4. 澤木聡子
澤木聡子の携帯の着信の振動音が鳴ったのは午後10時を少し回った頃だった。
最初、聡子は隣の友人の花村みずきのカラオケのエコーでそれがよく聞き取れなかった。
が、仮りにそれが自分の携帯であったとしても、いちいちバックから取り出し、確かめるのも面倒くさかった。
ちょうどサビのいい感じのところで、酔いが回っているのだ。しばらくそれに身を委ねていたかった。
聡子は大学時代の友人と久しぶりに会い、三宮のカラオケ店で酔いしれた。
「香花ちゃん、どうしたの、まだ飲みが足りないわよ」
聡子はそう言って、隣でソファに斜めにもたれかかっている泉田香花の肩を揺すった。
「今、誰かの携帯がブルブルしてなかった」
泉田はゆっくり体を起こしながら小さなあくびをもらした。
「そんなのどうでもいいじゃない、さあ、もっと飲もうよ、歌って歌って」
聡子は香花にマイクを持たせて手拍子で促した。
「もう、サトちゃんたら、しょうがないんだから」
泉田はゆっくり身を起こすと、おもむろにマイクを取り、お気に入りの歌を選曲し、情感たっぷりに歌い始めた。
「サトちゃんのところはうまくいってるの」
花村みづきが聡子に据わった目で聞いた。
「相変わらず、可もなく不可もなく」
吐き捨てるように聡子は返した。そういえばさっきから耳につく携帯の振動音。それが自分のバックからのものであることに聡子はようやく気がついた。
バックを開け、携帯の着信履歴を見ると最初の着信から8分ほど経っていた。その間、執拗な着信が続いていた。

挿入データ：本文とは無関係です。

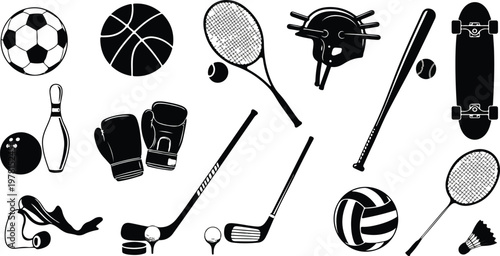 Black and white sports equipment collection a variety of athletic gear
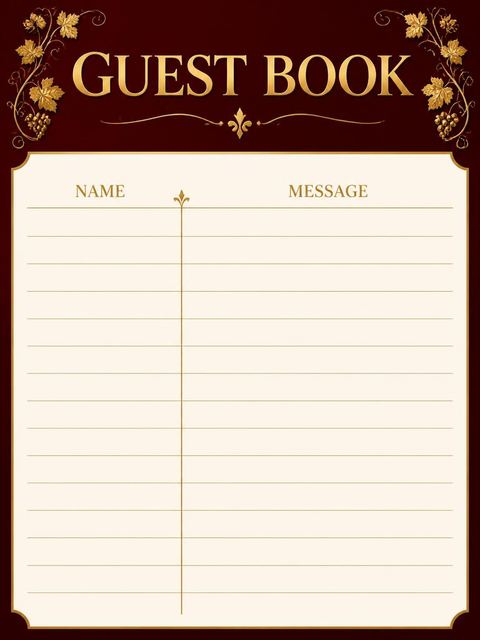 Guest sign-in sheet in the Burgundy Gold Grapevine 40th Birthday design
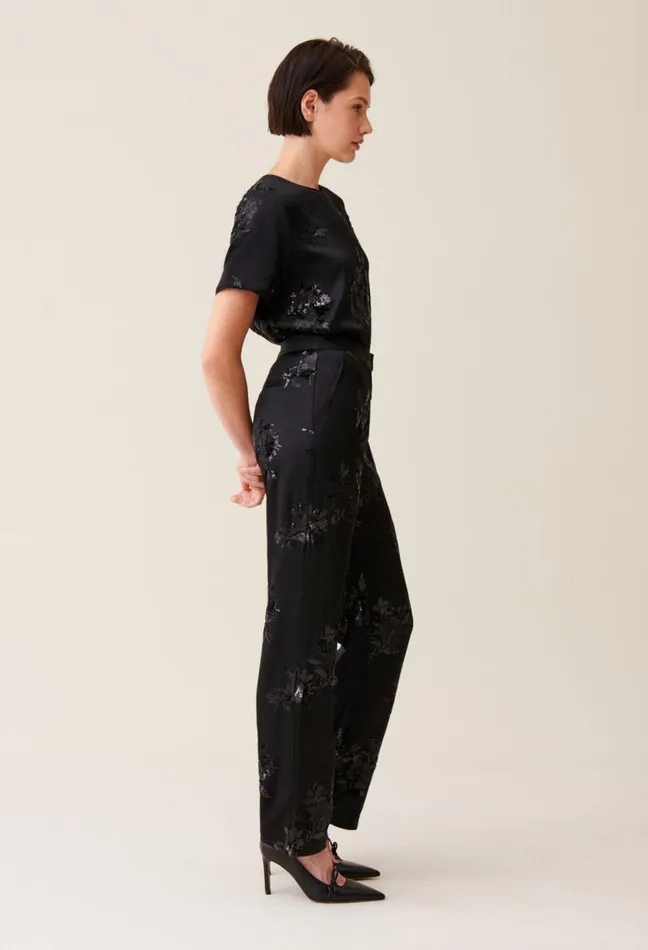 Claudie Pierlot Black Sequinembellished Trousers Clothes Jeans And Trousers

そこには<すぐに電話をしろ>という夫の國男からのメッセージが入っていた。
「なぜ、すぐに電話に出ない」
聡子が電話に出ると、いきなり國男の怒声が響いた。
「美菜が、、自殺した」くぐもった、途切れがちな國男の声だった。
一瞬で聡子の酔いがさめた。
☆☆☆
三宮から六甲の聡子の自宅までタクシーで飛ばしてもゆうに20分はかかった。
タクシーが聡子の家に着いた時、すでに美菜は絶命していた。まだ14歳だった。
美菜はカミソリで左手首を切っていた。風呂場には所々に血溜まりが残っていた。
「なぜ、電話に出なかった」、「君のせいだ」
國男は何度もそう言って、聡子に詰め寄った。
聡子は無意識にうちに國男からの電話を避けていた。それは自分でもよく分かっていた。
その原因は國男がもたらしたものだ。
あなたに私を非難する資格がどこにあるの。聡子は1年以上も前から浮気をしていた國男を心の底からなじった。
聡子は貿易会社に勤める國男が部下の若い女性と不倫関係にあったことを知った時、アルコールに逃げた。憂さ晴らしになるものであれば、何でもよかったが、酒が一番手っ取り早かった。

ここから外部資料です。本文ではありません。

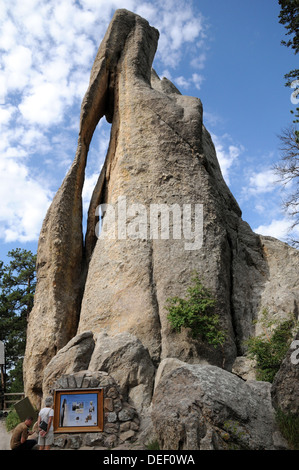 Needle Rock, a granite formation in Custer State Park, in the Black Hills of South Dakota. Stock Photo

専業主婦の聡子にはこれといった趣味もなく、昼間から台所で酒をあおった。
中2という多感な年頃の娘は夫婦の不仲を深刻に悩んでいたに違いない。
美菜の自殺の原因は自分と國男にあると聡子は自身を責め立てた。
☆☆☆
美菜が亡くなって1カ月ほど、聡子は呆然として過ごした。
國男との会話もほとんどなかった。
美菜は遺書を残していなかった。
なぜ、自殺をしたのか、もはや美菜の遺品から類推するしかなかった。
美菜の遺品を整理しながら、アルバムの中にあった3人で行った箱根での記念写真に聡子は涙した。
そこにはソフトクリームを頬ばりながらピースサインをする小学6年生の美菜の姿があった。
自殺の原因を探る唯一の手がかりが美菜のつけていた日記だった。
日々の生活を記録した稚拙な内容だったが、とくに目についたのが、「キレイになりたい」というなぐり書きだった。
見開き2頁まるごと、その言葉で占められていた。
ところどころに、「なぜイジメるの」という言葉もあった。
美菜が学校でイジメにあっていた・・・まさか、そんなそぶりを美菜は家で見せたことはなかった。
聡子は酒を飲むことで現実から逃げた。
愛娘の死、夫の浮気。もともと酒は強いほうではなかったが、酒量は日毎に増えていった。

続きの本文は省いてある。